Daddy Day Care (2003)

2003-05-09

Steve Zahn is fearless. No matter what the role — whether buddied up with Martin Lawrence, Drew Barrymore, Jack Black, or Stuart Little — he comes with fierce, ungainly determination. In Steve Carr’s second Eddie Murphy movie (the first being 2001’s Dr. Dolittle 2), Zahn again delivers, playing Marvin, a hardcore Trekker (if that isn’t redundant) whose fluency in Klingon becomes a crucial plot point.

Or, it would be crucial if there were a plot in evidence. In truth, Daddy Day Care demonstrates precious little interest in storyline, character, or originality. Instead, it cruises along without imagination or ambition, a star vehicle of the dreariest sort. The film’s essential purpose, aside from giving Zahn a few minutes to cavort with four-year-olds (which he does with admirable commitment), appears to be the further grinding of Murphy’s career into the ground where it’s been increasingly stuck since 1996’s Nutty Professor. The frustrating part is this: while it’s obvious that Eddie Murphy wants to please — his fans, his employers, his kids — he’s consistently finding the most mundane ways to do it.

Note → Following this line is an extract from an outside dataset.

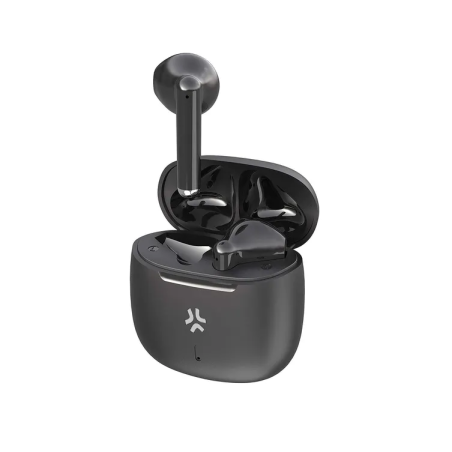 Auricolari celly ultrasound wireless usb tipo-c nero [pulsesoundbk]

The occasion for this particular excavation is (probably not ironically) the career crisis of a well-intentioned workaholic named Charlie Hinton (Murphy). The film spends some time underlining Charlie’s desperation, as he’s assigned to sell Veggie-Os breakfast cereal to children who, naturally, hate the very concept like poison. (It is at this point that Marvin, the office mail boy, makes his entrance, when Charlie conscripts him to play a carrot for irritated children being served Veggie-Os; Marvin winces and flaps his arms, then collapses under the weight of the big orange costume.) Charlie’s defeat here is inevitable, and made twice as terrible by the fact that he’s trumped by a colleague (Kevin Nealon) selling Chocolaty Chocolate Balls.

And so, Charlie loses his “J-O-B,” as he puts it to his wife Kim (Regina King, so wonderful and so in need of a real part, not the wife or the girlfriend), to hide his crisis in front of their four-year-old, Ben (Khamani Griffin). Though he’s confident that he’ll find another, he doesn’t, of course, because this is a movie called Daddy Day Care. Instead, he spends Mr. Mom-ish time with little Ben, time that makes Charlie squirm and complain because he’s a go-getter and babysitting is not getting him anywhere.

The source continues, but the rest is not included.